Prezes dla TVP3: W tym klubie nie było budżetu, dokładnie wyznaczonych elementów finansowych
Nowo wybrany prezes Korona S.A. Artur Jankowski wziął udział w programie „Gość informacji” w TVP3 Kielce. Sporą część czasu antenowego poświęcono na sprawy finansowe kieleckiego klubu.
– Aktualnie trwa audyt, który zaraz się zakończy i będziemy wiedzieli, w którym miejscu jesteśmy. Oczywiście to tylko pierwszy etap. Jesteśmy aktualnie zabezpieczeni, na dłuższy czas, na pewno do końca roku albo początku kolejnego – odpowiada prezes Artur Jankowski na pytania dziennikarki odnośnie sytuacji finansowej ekstraklasowego klubu z Kielc.
– Zobaczymy, co będzie po audycie, bo chce go poznać. Za chwilę pojawi się wysokiej klasy specjalista finansowy, który wraz ze mną sprawdzi, w jakiej jesteśmy sytuacji. Mówi się, że obecnie jesteśmy kilka milionów w plecy, ale ja chce to wiedzieć, co do każdej złotówki. Niestety, czemu się dziwię, w tym klubie nie było budżetu, dokładnie wyznaczonych elementów finansowych. Nie wiemy, w którym jesteśmy miejscu – dopowiada sternik żółto-czerwonych.

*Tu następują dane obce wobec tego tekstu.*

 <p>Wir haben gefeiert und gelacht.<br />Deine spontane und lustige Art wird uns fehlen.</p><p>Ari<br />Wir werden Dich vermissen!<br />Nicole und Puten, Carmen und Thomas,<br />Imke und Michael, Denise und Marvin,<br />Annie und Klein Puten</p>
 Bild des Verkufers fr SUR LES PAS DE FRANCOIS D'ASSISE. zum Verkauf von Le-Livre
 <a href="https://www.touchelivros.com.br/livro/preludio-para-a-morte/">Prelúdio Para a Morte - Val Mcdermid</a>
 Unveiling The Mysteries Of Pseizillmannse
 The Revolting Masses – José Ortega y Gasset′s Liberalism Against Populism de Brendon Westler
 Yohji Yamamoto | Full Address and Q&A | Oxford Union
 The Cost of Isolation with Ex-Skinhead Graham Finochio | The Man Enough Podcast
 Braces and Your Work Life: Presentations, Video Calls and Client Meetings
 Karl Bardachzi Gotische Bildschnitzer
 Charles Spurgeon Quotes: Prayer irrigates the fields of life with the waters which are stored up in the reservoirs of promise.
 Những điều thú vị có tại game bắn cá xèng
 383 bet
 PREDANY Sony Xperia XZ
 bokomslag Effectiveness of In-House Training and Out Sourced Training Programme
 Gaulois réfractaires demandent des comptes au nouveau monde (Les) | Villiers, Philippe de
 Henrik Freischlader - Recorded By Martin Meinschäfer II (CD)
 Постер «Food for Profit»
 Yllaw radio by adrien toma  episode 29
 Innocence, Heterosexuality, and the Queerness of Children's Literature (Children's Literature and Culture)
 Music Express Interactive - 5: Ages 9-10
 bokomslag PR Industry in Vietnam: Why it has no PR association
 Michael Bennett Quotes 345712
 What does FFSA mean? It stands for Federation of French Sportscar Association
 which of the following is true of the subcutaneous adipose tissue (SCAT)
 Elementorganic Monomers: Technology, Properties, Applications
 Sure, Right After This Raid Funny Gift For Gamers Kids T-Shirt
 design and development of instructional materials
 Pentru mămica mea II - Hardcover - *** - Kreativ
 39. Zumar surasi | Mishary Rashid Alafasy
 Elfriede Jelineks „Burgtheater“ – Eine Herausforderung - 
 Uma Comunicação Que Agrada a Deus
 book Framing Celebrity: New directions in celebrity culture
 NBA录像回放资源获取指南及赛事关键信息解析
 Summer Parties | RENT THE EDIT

Jednocześnie postanowiono zatrzymać w klubie Karola Jakubczyka, który obejmuje stanowisko dyrektora operacyjnego pionu sportowego, poza strukturą zarządu. Przypomnijmy, że to właśnie kielecki adwokat w ostatnim czasie pełnił obowiązki tymczasowego prezesa. Pozostawienie go w strukturach klubu wywołało w Kielcach kontrowersje ze względu na problemy finansowe spółki. Artur Jankowski informuje, że to on optował za zatrzymaniu Jakubczyka w Koronie.
– Podjąłem taką decyzję, ponieważ po rozmowach z Karolem stwierdziłem, że jest bardzo cenny dla klubu. To dlatego, że bardzo mocno się mu poświęcił, ma także dużo kontaktów i bardzo dużo zrobił już dla klubu. W takiej sytuacji, gdzie wchodzimy do klubu po kilku kolejkach, kiedy najważniejszy jest element sportowy i zdobywanie punktów, istotny jest spokój w dziale sportowym – zaznacza.
Po chwili uzupełnia swoją wypowiedź: – Chciałbym, aby pion sportowy był pewny pod kątem zarządzania w sytuacjach kryzysowych, które mogą wystąpić. Karol Jakubczyk będzie zajmował się kwestiami operacyjnymi całego zespołu oraz finansowymi, logistycznymi i zarządzaniem. To była moja decyzja i pierwsza faza. Ja wchodzę w tematy korporacyjne i teraz najważniejsze jest, póki co, ułożenie tych kwestii, na przykład finansów. W związku z tym bardzo potrzebuje osoby, która da mi konkretne informacje, nie będę musiał czekać czy szukać ich. Tu nie ma czasu. My musimy iść do przodu – konkluduje.
Były włodarz Górnika Zabrze opowiada o celach, jakie stawia przed drużyną. Jego zdaniem nie można z góry zakładać podstawowego planu, jakim jest utrzymanie. – Myślę, że na ten sezon chcielibyśmy zająć miejsce 8-15 i powalczyć o górną "ósemkę". Wszystko po to, aby na koniec sezonu, wiedzieć, że mamy spokojne utrzymanie, możemy ogrywać młodych, przygotowywać się mocniejsi do kolejnego sezonu niż walczyć o pozostanie w lidze w ostatnich kolejkach.
Przypomnijmy, że Artur Jankowski, to doświadczony działacz, który w przeszłości zarządzał między innymi Zagłębiem Lubin i Górnikiem Zabrze. W poniedziałek (9 września) został ogłoszony nowym włodarzem „żółto-czerwonych” (o czym więcej przeczytasz TUTAJ) poza zorganizowanym na to stanowisko konkursem.
Dlaczego zdecydował się na pracę w Kielcach? – Kończyłem swój projekt biznesowy. Dwa tygodnie przed zakończeniem (konkursu - przyp. red.) dostałem sygnał z tutejszego biznesu, że jest coś takiego i powiedziałem, że jestem tym zainteresowany. Zostałem poproszony o przesłanie swojego CV, spotkałem się i porozmawiałem o tym projekcie. Wyszło tak, że zostałem wybrany – podsumowuje.